A nostalgia pelo tempo da infância, que tantos poetas recordam como tempo de especial de felicidade, explica-se de forma simples:
Deve-se à capacidade que têm as crianças de viver o presente. Elas sabem praticar o carpe diem. Convivo com uma criança de três anos para quem o passado, qualquer passado, mais recente ou longínquo é sempre designado de «ontem». Para ela o futuro, qualquer futuro, mais próximo ou distante, é sempre «amanhã». Decorre que o momento presente é vivido em pleno, sem ser minado pelo que aconteceu ou pelo que pode acontecer. As energias estão focadas no agora. Não há derrames energéticos para o passado ou para o futuro. Por isso, não há ansiedade nem nenhum vazio. Se não há ansiedade ou vazio há felicidade.
O adulto desaprende esta capacidade que têm as crianças e ganha muitas vezes uma incapacidade para estar feliz. Boa parte dos adultos, perante a dificuldade (capacidade perdida) de praticar o carpe diem, habitua-se ao mínimo, a estar comodamente infeliz. Conforma-se, deixa-se ficar, nada faz para tomar uma atitude e uma mudança de rumo para melhorar o seu bem-estar e, consequentemente, dos outros à sua volta. O adulto tem de desaprender uma série de coisas, retirar umas camadas de tinta, para deparar-se com o essencial e viver em pleno. Ajuda relativizar e ultrapassar uma série de coisas aparentemente insignificantes, porque é nas pequenas coisas do dia-a-dia que nos tramamos ou nos salvamos (o sentido de salvar aqui é terreno e não bíblico-esotérico).
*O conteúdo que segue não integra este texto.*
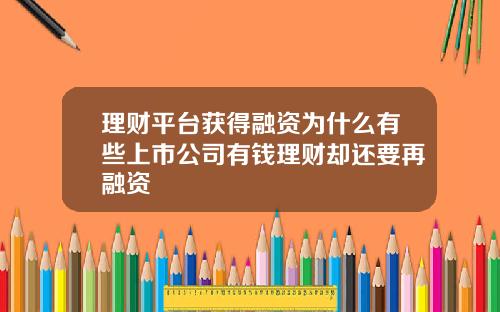 理财平台获得融资为什么有些上市公司有钱理财却还要再融资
A gestão emocional é bem mais difícil quando o presente é corrompido por incursões do passado e do futuro. Pela memória e pela antecipação. Não quer dizer que as pessoas tenham de esquecer o que já aconteceu ou o que pode acontecer. Que se tornem irresponsáveis, inconscientes ou negligentes. É apenas saber gerir esse passado e esse futuro de modo a não criar ruído ou matar o presente, o único tempo que existe, que é onde somos ou não felizes. É mais fácil dizer do que praticar, mas pode-se exercitar e aprender para mudar pequenos hábitos perniciosos.
Olhar para momentos felizes do passado pode ser uma consolação, mas não passa disso. E esse passado já foi presente. Viver na esperança que a felicidade chegará um dia é outro paleativo. Interessa não desaproveitar o dia, o presente, para que até cada qual tenha mais memórias de momentos felizes para recordar no futuro, e não se viva à espera de algo transcendente que nunca chega.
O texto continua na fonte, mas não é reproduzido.